Hal ini disampaikan oleh Perencana Ahli Muda Bapperida Sulbar, Muhammad Saleh, saat mewakili Plt. Kepala Bapperida, Darwis Damir dalam menghadiri Focus Group Discussion (FGD) Sensus Ekonomi 2026 di Meeting Room Mall Matos Mamuju, Selasa (25/11/2025).
Dalam forum tersebut, Saleh menegaskan dukungan tersebut diberikan karena Sensus Ekonomi 2026 memiliki peran strategis sebagai fondasi penyediaan data dasar yang akurat, mutakhir, dan lengkap. Selain itu, dianggap relevan dan dapat mendukung Visi Gubernur Sulbar, Suhardi Duka dan Wakil Gubernur, Salim S. Mengga untuk mewujudkan Sulawesi Barat Maju dan Sejahtera, khususnya pada misi Mendorong Pertumbuhan Ekonomi Inklusif dan Berkelanjutan.
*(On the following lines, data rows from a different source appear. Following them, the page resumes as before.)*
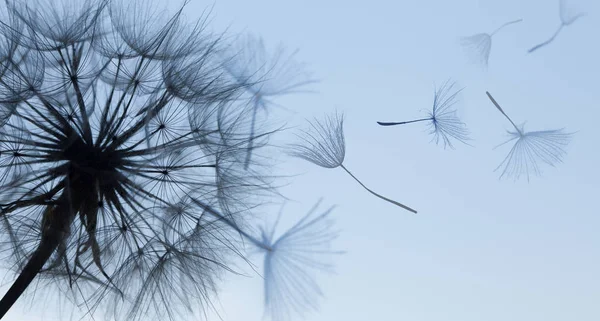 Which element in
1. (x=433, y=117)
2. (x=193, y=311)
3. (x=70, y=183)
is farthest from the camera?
(x=433, y=117)

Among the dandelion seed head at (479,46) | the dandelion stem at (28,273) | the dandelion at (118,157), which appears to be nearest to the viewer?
the dandelion stem at (28,273)

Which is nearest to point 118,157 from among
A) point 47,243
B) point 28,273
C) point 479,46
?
point 47,243

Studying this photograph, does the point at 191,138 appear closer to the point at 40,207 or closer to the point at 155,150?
the point at 155,150

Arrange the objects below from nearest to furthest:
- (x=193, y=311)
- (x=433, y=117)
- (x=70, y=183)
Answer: (x=70, y=183), (x=193, y=311), (x=433, y=117)

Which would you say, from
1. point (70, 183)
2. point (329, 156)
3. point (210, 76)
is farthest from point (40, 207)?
point (329, 156)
“Sensus ini menjadi instrumen penting dalam mendukung proses perencanaan pembangunan daerah yang berbasis pada data dan bukti (evidence based policy), khususnya bagi Provinsi Sulawesi Barat yang saat ini sedang mendorong percepatan transformasi ekonomi.” katanya.
Lebih lanjut, Saleh memaparkan bahwa pertumbuhan ekonomi Sulawesi Barat menunjukkan perkembangan yang semakin positif. Pada Triwulan III tahun 2025, pertumbuhan ekonomi daerah tercatat mencapai 5,83 persen. Dengan angka tersebut, pemerintah Provinsi di bawah kepemimpinan Gubernur Sulbar, Suhardi Duka dan Wakil Gubernur Salim S. Mengga menargetkan agar angka tersebut dapat meningkat menjadi 7–8 persen pada tahun 2030.
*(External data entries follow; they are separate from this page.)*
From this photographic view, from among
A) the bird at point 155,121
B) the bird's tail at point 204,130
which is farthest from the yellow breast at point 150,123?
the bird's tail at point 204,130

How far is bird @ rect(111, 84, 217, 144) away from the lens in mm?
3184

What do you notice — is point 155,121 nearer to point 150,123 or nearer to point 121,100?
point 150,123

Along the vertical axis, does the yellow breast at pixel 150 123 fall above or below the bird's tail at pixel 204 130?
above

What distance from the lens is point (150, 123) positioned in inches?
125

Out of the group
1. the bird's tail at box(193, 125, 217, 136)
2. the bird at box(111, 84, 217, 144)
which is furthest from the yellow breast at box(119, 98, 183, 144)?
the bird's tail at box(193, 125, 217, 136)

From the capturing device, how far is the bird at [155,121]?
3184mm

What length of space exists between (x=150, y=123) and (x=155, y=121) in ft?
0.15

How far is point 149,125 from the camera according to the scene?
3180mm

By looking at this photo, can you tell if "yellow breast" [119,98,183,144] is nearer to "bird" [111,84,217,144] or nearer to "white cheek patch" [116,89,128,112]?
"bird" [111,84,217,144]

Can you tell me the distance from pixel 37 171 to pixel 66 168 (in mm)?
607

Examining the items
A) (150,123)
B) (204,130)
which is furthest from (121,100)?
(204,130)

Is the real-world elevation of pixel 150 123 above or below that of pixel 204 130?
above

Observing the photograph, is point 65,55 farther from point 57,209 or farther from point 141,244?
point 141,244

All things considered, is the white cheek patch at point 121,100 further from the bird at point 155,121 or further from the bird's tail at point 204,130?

Menurutnya, target tersebut hanya dapat dicapai apabila pemerintah memiliki data yang komprehensif mengenai struktur dan dinamika sektor usaha untuk merumuskan kebijakan ekonomi secara lebih terukur.
Sejalan dengan itu, Bapperida Sulbar memastikan kesiapan untuk berkolaborasi dengan BPS dalam berbagai aspek, mulai dari penguatan koordinasi, penyebaran informasi ke pemerintah kabupaten, hingga pemanfaatan hasil sensus sebagai dasar penyusunan dokumen perencanaan pembangunan daerah. Kolaborasi tersebut diharapkan memperkuat upaya pemerintah dalam merancang kebijakan jangka menengah dan jangka panjang yang lebih tepat sasaran.
Pada kesempatan yang sama, Saleh juga menyarankan untuk mengantisipasi tantangan besar dalam pelaksanaan sensus, yakni perkembangan digitalisasi yang memunculkan banyak usaha berbasis platform digital dan media sosial. Menurutnya, usaha-usaha tersebut sering tidak memiliki bentuk fisik atau beroperasi secara informal, sehingga berpotensi tidak tercatat dalam pendataan.
“Jika tidak terdata dengan baik, gambaran perekonomian Sulawesi Barat maupun nasional akan sulit disajikan secara komprehensif. Karena itu, kami sarankan BPS perlu mempertimbangkan strategi dan inovasi pendataan untuk melacak usaha digital ini,” tegasnya.
Ia menambahkan bahwa penguatan metodologi pendataan menjadi kunci agar Sensus Ekonomi 2026 menghasilkan potret ekonomi yang benar-benar utuh dan sesuai dengan kondisi aktual. Dengan data yang lebih baik, pemerintah daerah dapat menyusun strategi yang lebih efektif untuk penguatan sektor prioritas, pemberdayaan UMKM, dan percepatan transformasi ekonomi.
Secara terpisah, Plt. Kepala Bapperida Sulbar, Darwis Damir menyampaikan harapan Pemerintah Provinsi Sulawesi Barat terhadap hasil Sensus Ekonomi 2026 dapat dimanfaatkan secara maksimal untuk mendukung perencanaan pembangunan di Sulawesi Barat.
“Tentunya kita berharap data tersebut menjadi pijakan kuat bagi pemerintah dalam menghadapi tantangan ekonomi ke depan dan mewujudkan pembangunan daerah yang berkelanjutan di Sulawesi Barat.” kata Darwis.